Dalston Square is a largely residential complex located just off Kingsland Road near Dalston Junction station in Dalston, part of the London Borough of Hackney. It includes approximately 500 homes, a library, public space, shops and restaurants.

==Overview==
Dalston Square was originally the site of a former hippodrome and music hall, which opened in 1886 under the name "Dalston Circus". After a series of name changes, the curtain went down on live theatre in 1920 when the venue was changed into a cinema. It operated successfully under a variety of names, the last of which - the Gaumont Theatre - is now remembered in the name of one of the residential towers, until 1960. After a brief stint as a warehouse and car sale room, the building once again opened its doors to entertainment audiences when, in 1966 it was reopened as the Four Aces Club a music and recreational space dedicated to celebrating Afro Caribbean music. It was famous for its Reggae, Roots, Soul and R&B and hosted acts The Ronettes, Desmond Dekker and Ben E. King. In the 1980s, it changed hands again and became the Labyrinth nightclub It closed its doors for good in 1998 and, despite objections from the local community and a number of conservation organisations, was demolished in 2007.

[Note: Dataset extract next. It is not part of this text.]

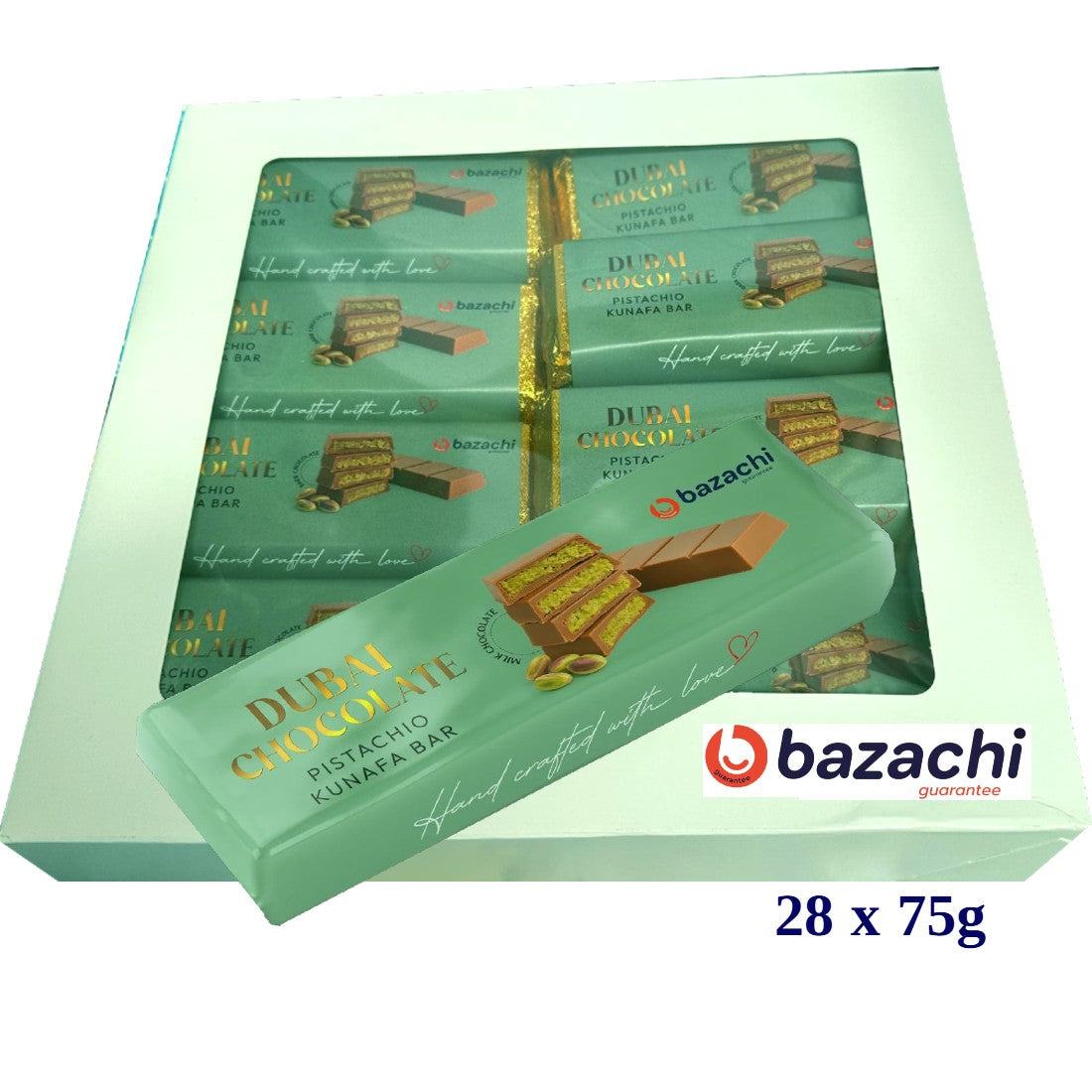 Dubai Chocolate – Pistachio Kunafa with Milk Chocolate (Handcrafted, 75g)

The London Development Agency and the landowners – Hackney Council and Transport for London – developed the two sites at Dalston Lane South and Dalston Junction in conjunction with Barratt Homes.

Located in Dalston Square is the Dalston C. L. R. James Library, which was the first library to open in Hackney for 20 years.

In 2016, Telford Homes redeveloped the Holy Trinity School located at the southeastern edge of Dalston Square into a mixed building called "The Vibe" which incorporates a bigger school as well as 101 flats.